[Short text fragments from websites]
__________

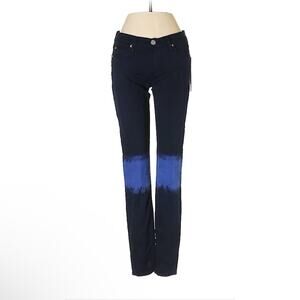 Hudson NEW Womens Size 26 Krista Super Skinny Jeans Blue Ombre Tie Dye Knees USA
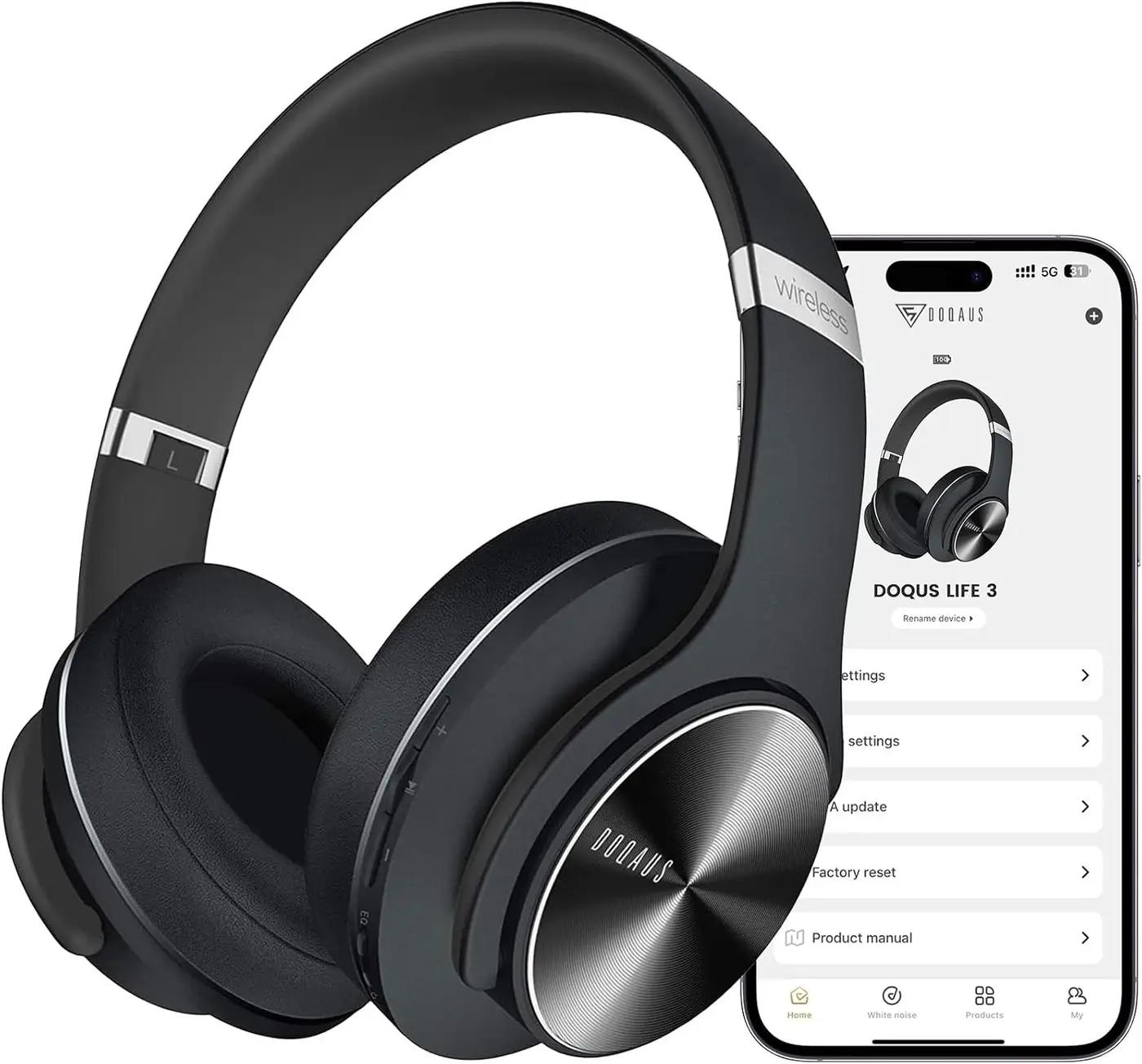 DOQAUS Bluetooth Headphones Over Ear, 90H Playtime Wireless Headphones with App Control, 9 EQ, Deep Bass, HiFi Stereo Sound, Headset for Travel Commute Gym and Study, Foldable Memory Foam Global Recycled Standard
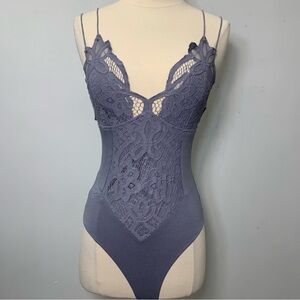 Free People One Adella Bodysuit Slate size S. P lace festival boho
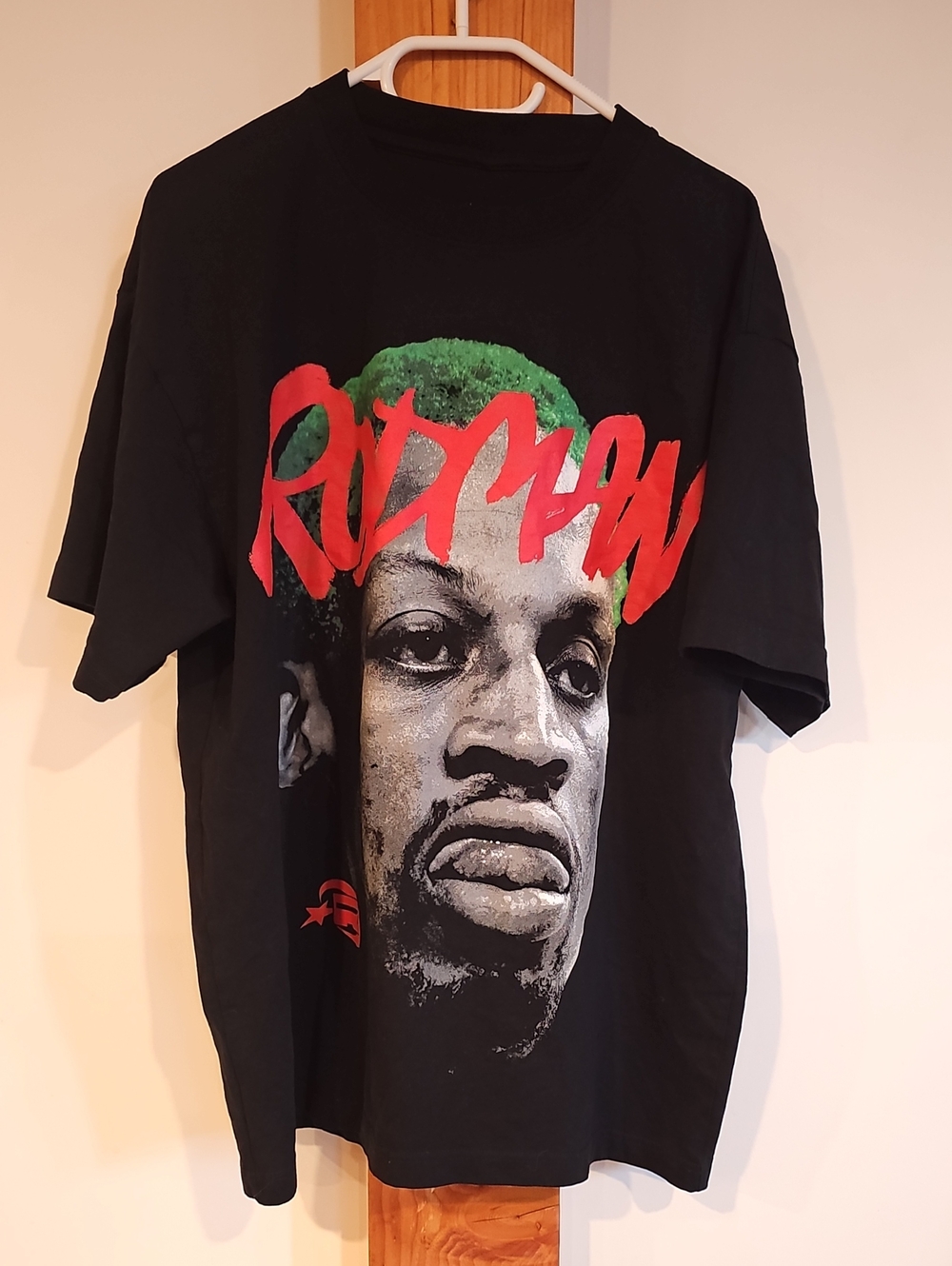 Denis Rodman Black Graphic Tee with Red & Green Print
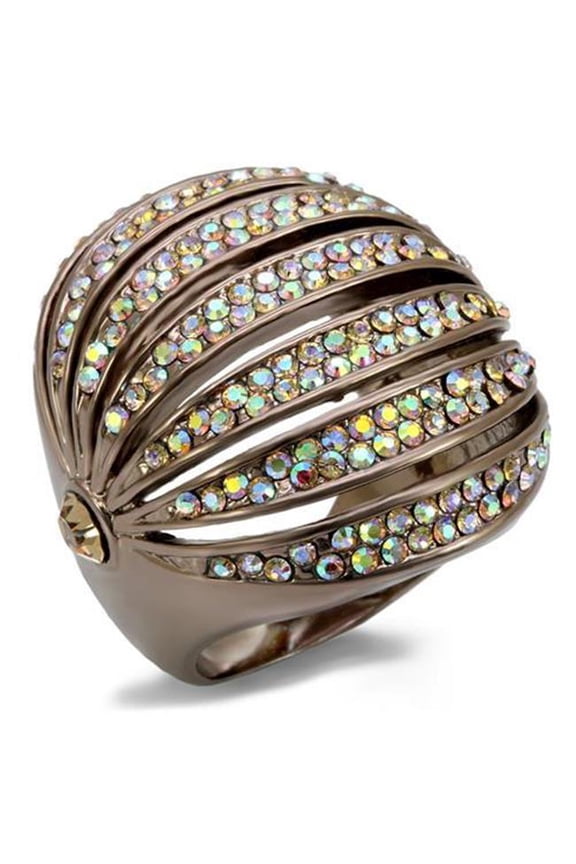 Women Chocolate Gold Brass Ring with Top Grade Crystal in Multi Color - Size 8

__________

**What to produce**
Take the line containing "Free People One" and every line after it up to the end of the entries, and quote them exactly. Both ends count; the pictures do not.

**Response**
 Free People One Adella Bodysuit Slate size S. P lace festival boho
 Denis Rodman Black Graphic Tee with Red & Green Print
 Women Chocolate Gold Brass Ring with Top Grade Crystal in Multi Color - Size 8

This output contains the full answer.